=== Supplied data ===
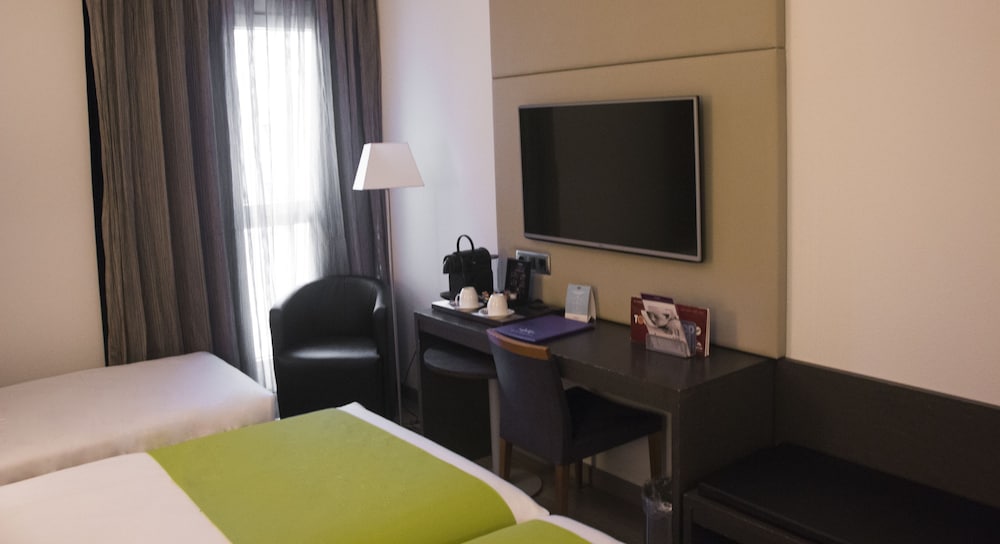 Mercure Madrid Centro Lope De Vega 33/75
===
=== Supplied data ===
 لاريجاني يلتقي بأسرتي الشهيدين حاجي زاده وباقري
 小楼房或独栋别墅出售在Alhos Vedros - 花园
===
=== Supplied data ===
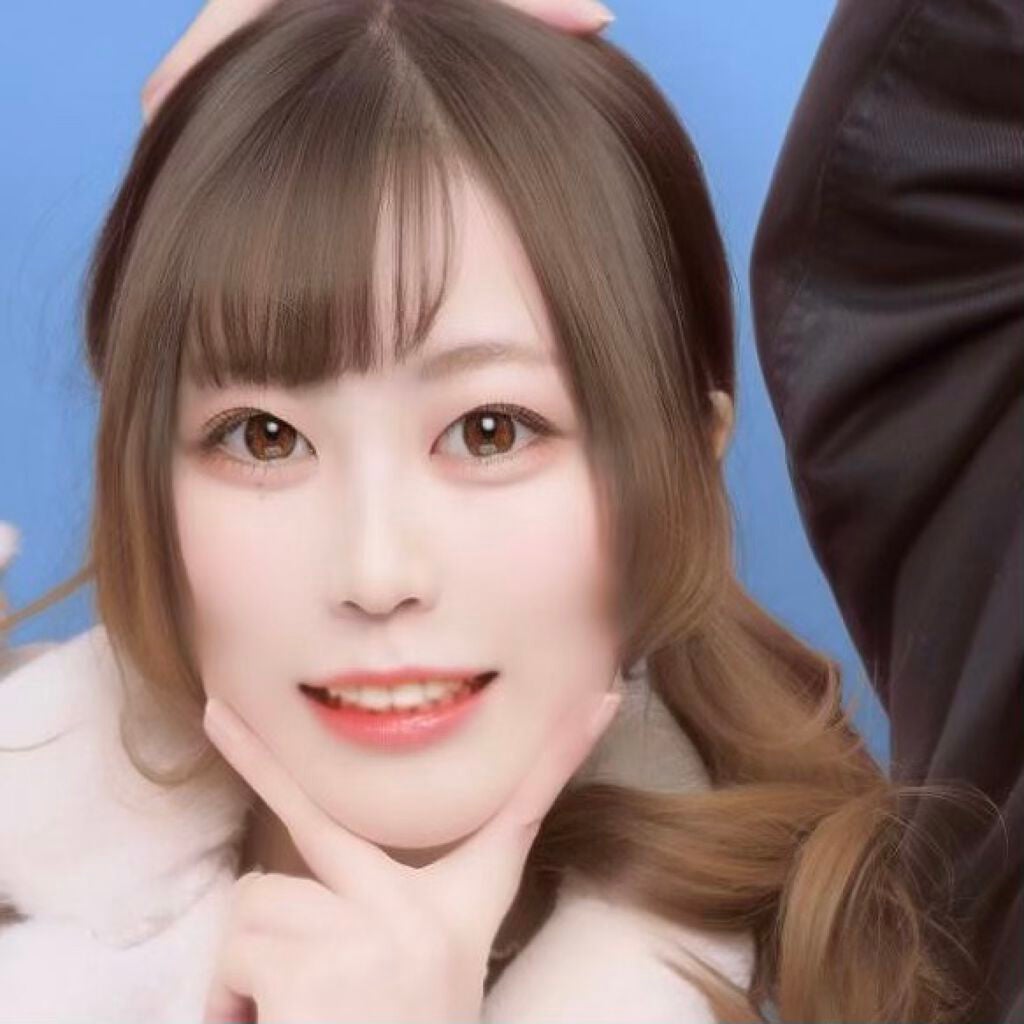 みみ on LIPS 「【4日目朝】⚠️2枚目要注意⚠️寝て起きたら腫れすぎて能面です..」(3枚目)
===
Given the records above, restate word for word only the lines starting at the one with "لاريجاني يلتقي بأسرتي" and ending at the one with "小楼房或独栋别墅出售在Alhos Vedros - 花园".

▸ **Response to this exercise**
 لاريجاني يلتقي بأسرتي الشهيدين حاجي زاده وباقري
 小楼房或独栋别墅出售在Alhos Vedros - 花园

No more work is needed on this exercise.